We operate an inventory forecasting company, inventoro.com. We forecast future sales of clients based on their historical data with high accuracy. And we see the needs for cash. We live the struggles of retail SMEs from a very close perspective, something that has been bothering us for a long time, and something we aren’t alone in.
Disruptive financing startups have quickly emerged. We chose Flowpay.io as our partner and they now run our pilot, giving our clients easy access to funding.
The principle of our partnership is simple. Our AI predicts our clients’ future sales and values the perfect amount of inventory that needs to be ordered from suppliers to match consumer demand. This places a very exact, very business-associated price tag on the financing needs of our clients. We share this data, upon the client’s consent, with Flowpay.io. They plug this data into their learning algorithms and within minutes create a one-click offer directly to our clients. If they agree, they receive cash within the next 24 hours, just like financing should really work for anyone.
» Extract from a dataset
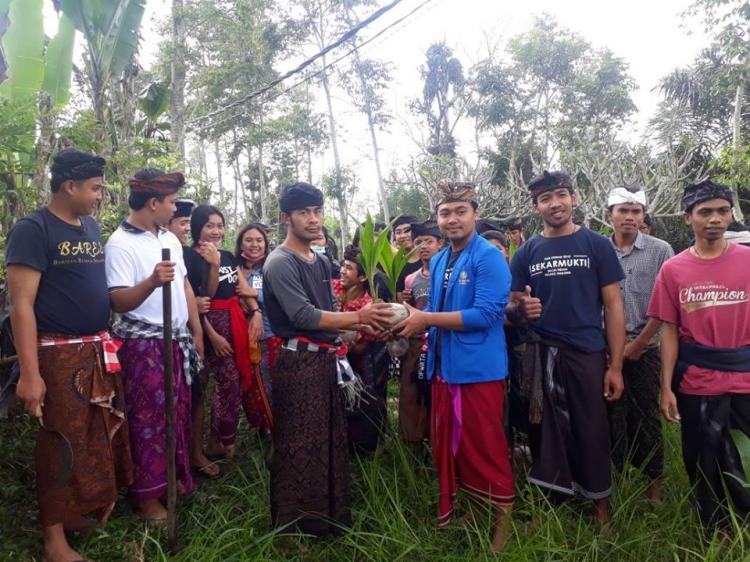 Pelestarian Pohon Kelapa di Banjar Sekarmukti Belok/Sidan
Disruptive data-driven startups emerge everywhere. We are at the forefront of a financing revolution for SME companies. Wayflyer.com is already an established data-driven financing startup with over half a billion USD in e-commerce business funding. They naturally saw an opportunity in inventory planning and the associated financing and started their own inventory management services earlier this year.
Data-driven fast and easy access to cash will become the norm. It is tailored, it is unbiased and it is low risk for the financing institution if the data source is rich. Access to data-driven financing is associated with access to super-IT, which takes us to our last point.
Most SMEs, retail or not, are still Excel managed. This creates an unsustainable technological divide between the small and the super-powerful conglomerates. All those major data houses, all the best AIs, all the top-rated developers of Amazon, they all create an environment that simply gives little to no chance for smaller companies to compete.
But the process of so-called “democratisation of technology” is quickly changing the landscape. AI and other cutting-edge technologies are no longer a luxury of the enterprise. Accessible, easy-to-set-up SaaS tools create a plateau of opportunities for our local heroes at an affordable price.
Small companies have access to cutting-edge technology like never before. This creates a double-positive effect. Not only can they immediately cherish the benefits of data-centred algorithms. Further machine-to-machine communication can increase the benefits as SaaS startups become interconnected with APIs. Such connected environments create cases for data-driven financing and will surely become the new norm for SMEs. Indeed, it is already happening.